CPU: AMD sempron 2.2 ghz
Ram: 4 gigs 
HDD: 2x hitachi 1TB, 1x 40GB WD raptor, 1x 500GB

 What I was planning to do was: 

40GB raptor would be the OS drive
1TB DATA I care about
1TB Nightly rsync backup of DATA drive
500GB Drive for torrents/FTP
All drives would be UFS

With the hardware I have, would ZFS be a better idea?
If so What sort of hard drive layout would you suggest?


----------



## gkontos (Aug 10, 2011)

soupbowl said:
			
		

> With the hardware I have, would ZFS be a better idea?
> If so What sort of hard drive layout would you suggest?


ZFS would be the best choice for your 2x hitachi 1TB drives on a mirrored pool.
For the rest I would suggest UFS+J currently available on 9.0-BETA1.

Regards


----------



## phoenix (Aug 10, 2011)

If you can find yourself another 500 GB drive, then you could create a ZFS pool with 2 mirror vdevs (2x1TB + 2x500 GB) for 1.5 TB of usable storage.  And use the 40 GB for the OS install and swap space.

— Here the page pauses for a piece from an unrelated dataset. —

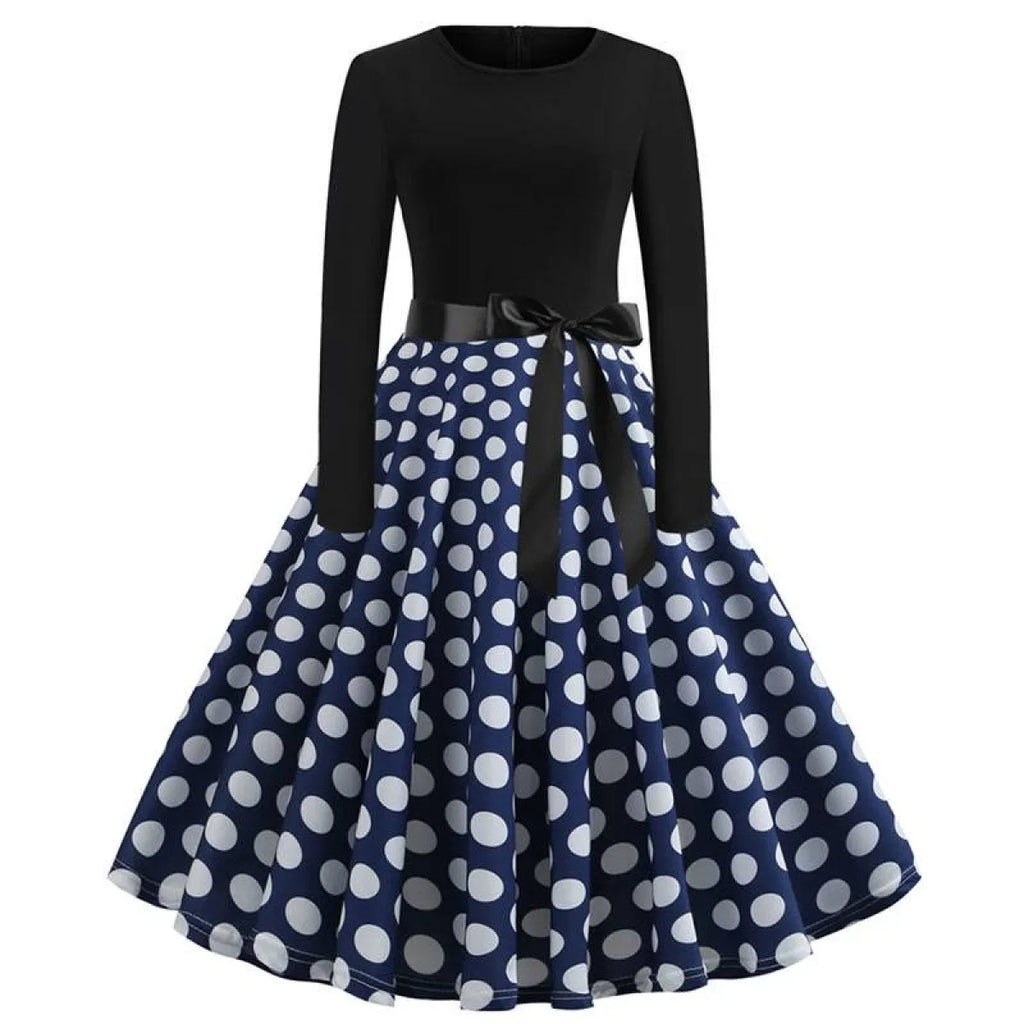 Women's Christmas Styled Swing Dress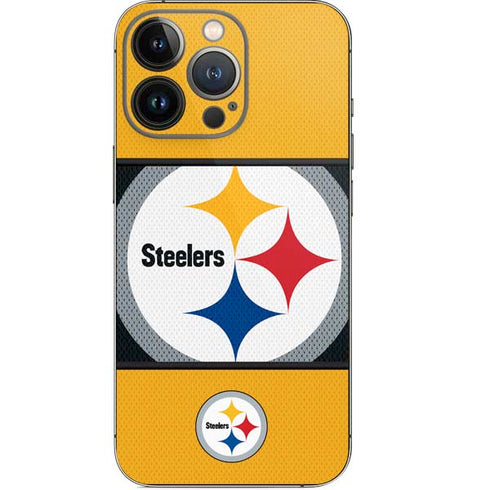 NFL Pittsburgh Steelers Zone Block iPhone 14 Pro Skin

If that Sempron supports 64-bit Long Mode, then you can install the amd64 (64-bit) version of FreeBSD to get better, more stable support for ZFS.  The 4 GB of RAM would work nicely with ZFS (I use 2 GB in my home server).


----------



## soupbowl (Aug 11, 2011)

Thanks a lot for the replies, I can and will use amd64 freebsd, I think I will go ahead and find another 500gb drive and use your suggestions phoenix. Thank you for your input also gkontos.


----------